В модернистском обществе значение интимности и эмпатии в межличностных отношениях, особенно внутри ядерной семьи, между супругами, родителями и детьми возрастает. Семейная среда становится изолированной, во многом приватной крепостью, защищенной от внешних вмешательств посторонних структур, в том числе государственных и религиозных институций. В благополучных обеспеченных семьях среднего класса создаются хорошие условия для прогрессивного воспитания и обучения детей, приобретения ими разносторонних знаний в обстановке родительской любви и заботы. В целом индивидуум модернистского общества имеет реальные шансы выхода из системы ограничений и запретов традиционной культуры. По мнению исследователей, семейные ценности в 1950-х годах содержали в себе более чем достаточное количество элементов культа индивидуализма, называемого автором “индивидуалистским этосом”. Последний набирал силу на Западе со времени возникновения коммерческого капитализма. Люди с нарастающей интенсивностью искали смысл жизни в самореализации и интимности. Эти процессы происходили в рамках изолированной ядерной семьи, состоящей только из родителей и детей. С середины 1960-х годов поиск путей самореализации стал приобретать все более индивидуалистический характер, несмотря на то, что зачастую это приводило к распаду семьи.
Британские антропологи обращают внимание на изменение содержания самого понятия “индивидуализм” в процессе перехода к постмодернистской культуре. Для модернистского общества характерна тенденция, присущая не только представителям английского среднего класса, но и общая для евро- американской цивилизации. Эта тенденция проявляется в стремлении каждого нового поколения быть более индивидуалистическим, чем предшествующее, в желании родителей видеть своих детей более индивидуальными, чем были они. В сознании англичан в ходе спирального развития сформировался гипериндивидуализм, характеризующийся потерей чувства индивидуального отношения и ответственности по отношению к другим. Индивидуум утратил не только часть необходимых для успешной социализации экстериоризированных черт личности. В нем начали происходить внутренние изменения, приводящие к деформации его отношений с обществом.

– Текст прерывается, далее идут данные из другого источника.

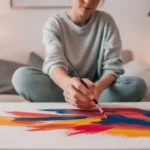 DIY canvas art project at home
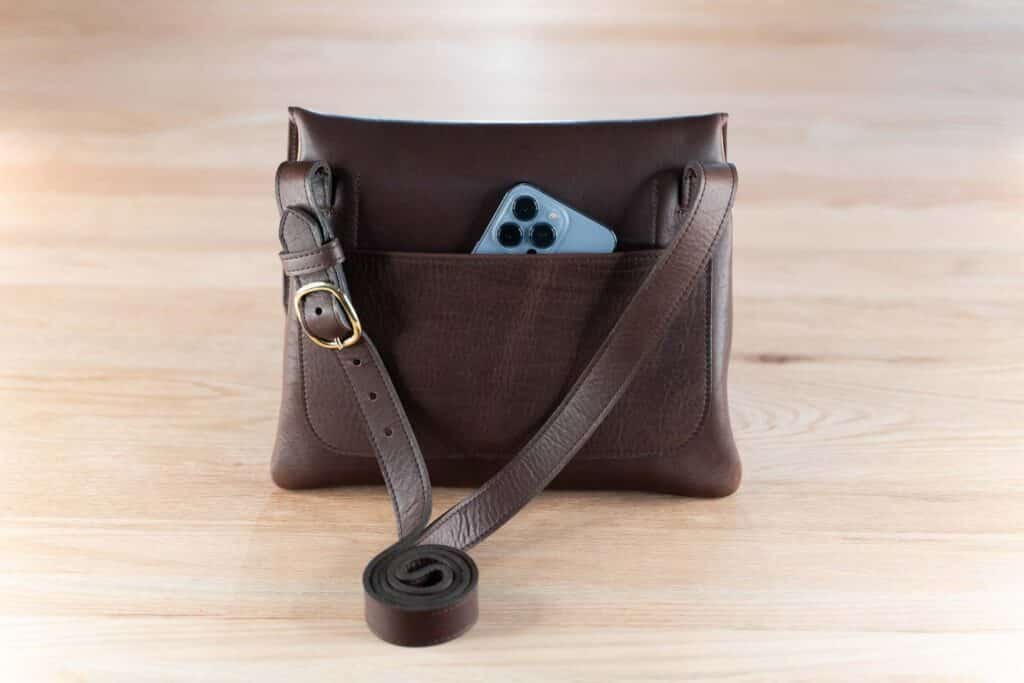 Phone Pocket on back of the Brown Leather Texas Purse
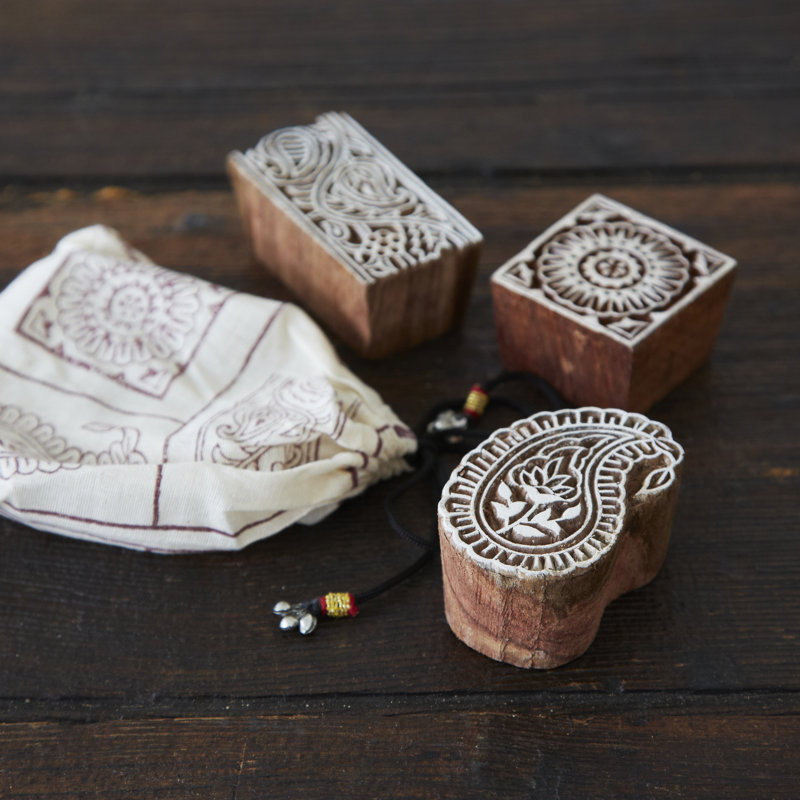 Three Assorted Design Wooden Printing Blocks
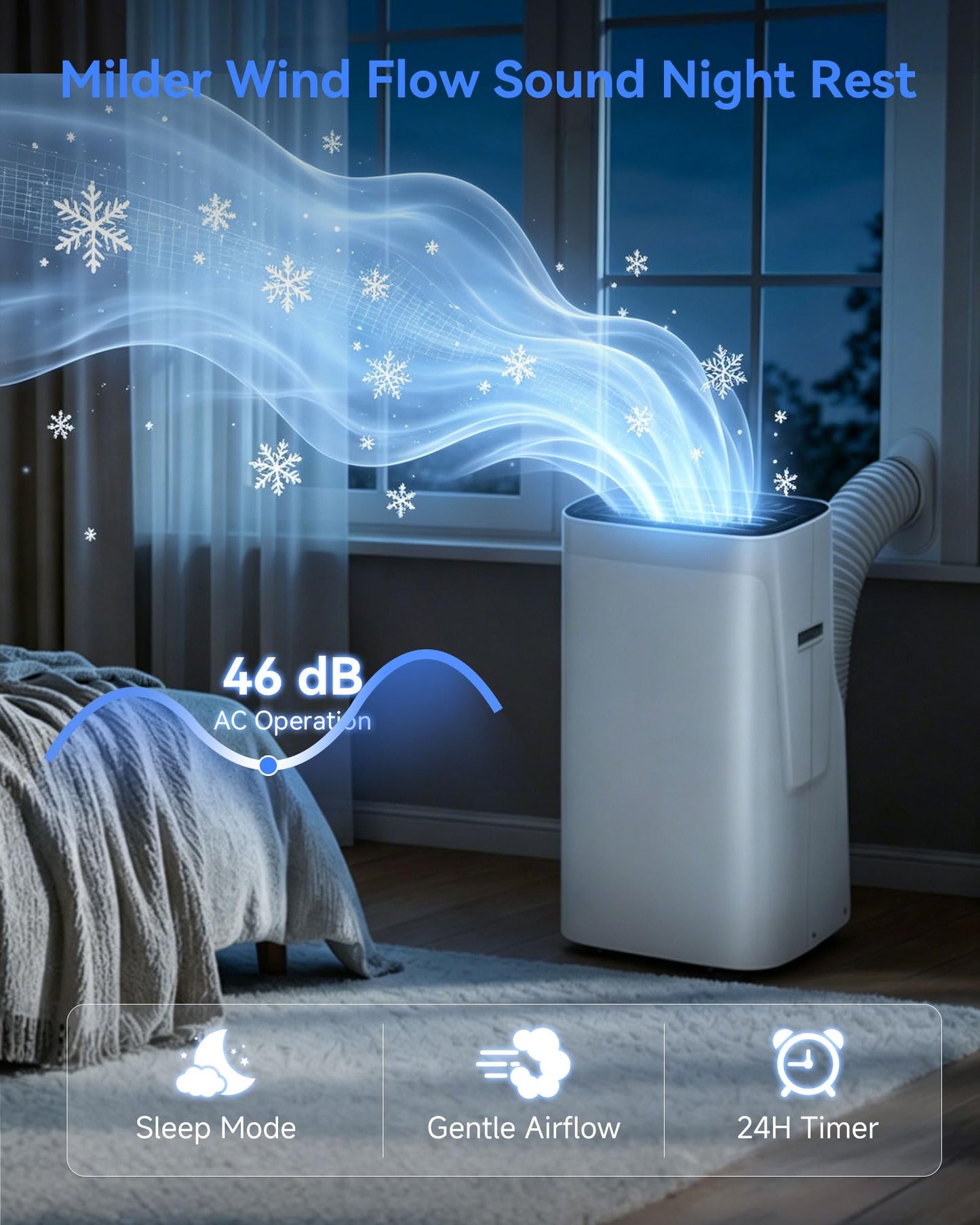 Portable Air Conditioner, 3-in-1 8500 BTU AC Unit with Fan & Dehumidifier – Quiet Cooling for Bedroom, Home Office up to 450 sq.ft, Includes Complete Window Mount Kit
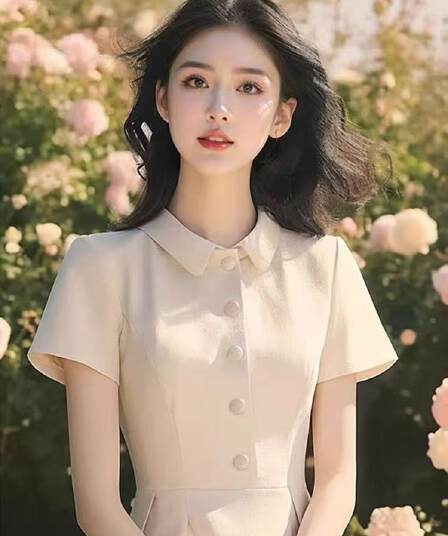 쇼핑몰 인출 2026 여름 고유 한 Chic 허리 수축 슬림해 보이는 프랑스식 고급 센스 베이지 색 롱 코트 여성 드레스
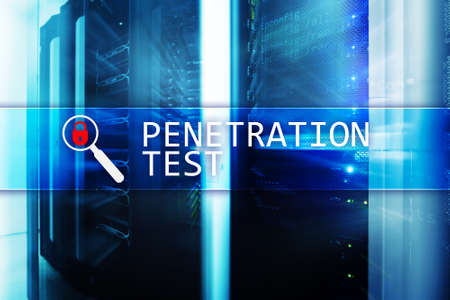 Penetration test. Cybersecurity and data protection. Hacker attack prevention. Futuristic  server room on background.の写真素材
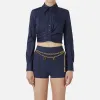Camicia cropped in popeline stretch con drappeggio
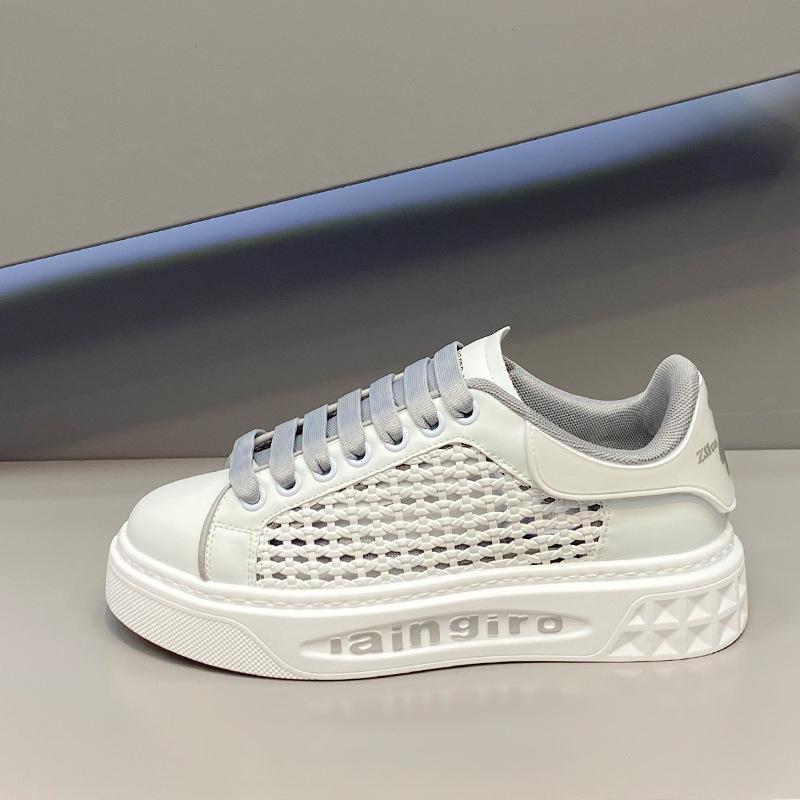 

Fashion Summer Madam Sneaker Casual Men Designer Easy Matching Board Shoes Fashion Leather Mesh Breathable Sport Shoes 39 серый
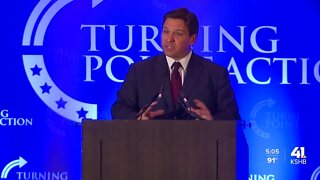 Florida Gov. Ron DeSantis campaigns for Kansas' Derek Schmidt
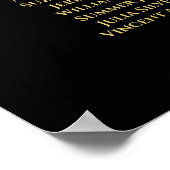 Gold & Black Simple 9 Table Seating Chart Poster (Ecke)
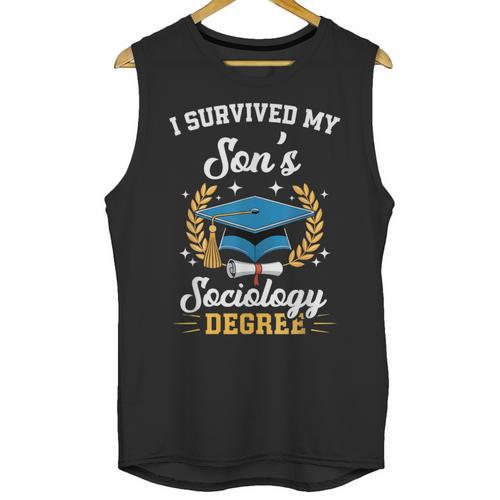 I Survived My Son's Sociology Degree Graduation Unisex Tank Top - Best Gift Smart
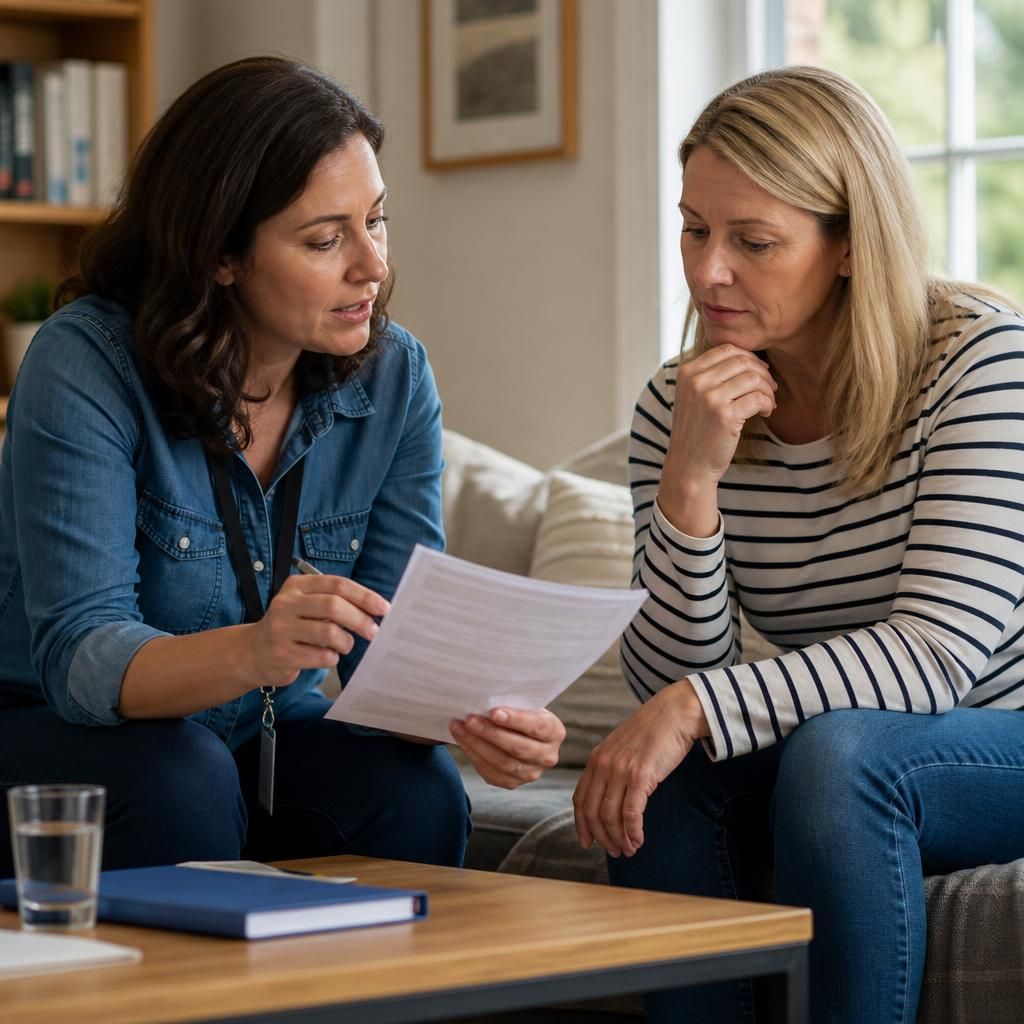 Foster carer discussing transfer paperwork with a social worker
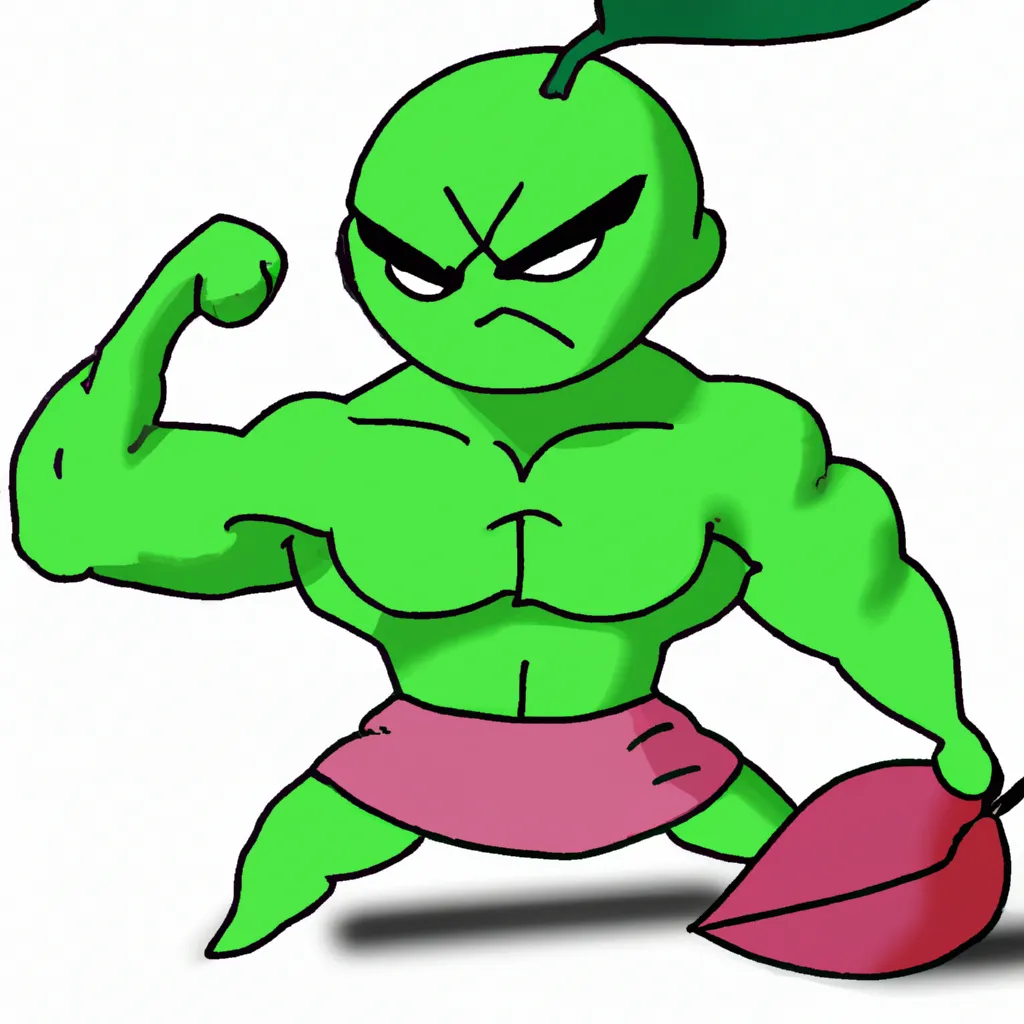 Prompt: green bean with muscles from Dragonball Z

Модернистская концепция воспитания детей предполагает наличие у родителей чувства ответственности за формирование характера ребенка. К сожалению, в реальности дети часто лишаются родительского контроля. Они очень рано осознают свои права, их поведение далеко не всегда соответствует общепринятым нормам и правилам, становится агрессивным, бескомпромиссным. Дети не всегда понимают отрицательные последствия своих действий. Прививаемые ребенку чувства, самооценка его социального
«Я» и оценка своих родителей, в особенности матери, хотя и делается не всегда правильно, но воспринимается им как зрелая и соответствующая истине. Родительское, и в особенности, материнское чувство ответственности за формирующийся характер детей превышает возможности родителей и детей и наносит как тем, так и другим, серьезное психологическое повреждение. Если лица, осуществляющие первичную заботу о детях, воспринимают особенности их характера как оценку своей собственной компетентности, то тем самым они ввергают себя в состояние парализующего сомнения в собственной компетентности.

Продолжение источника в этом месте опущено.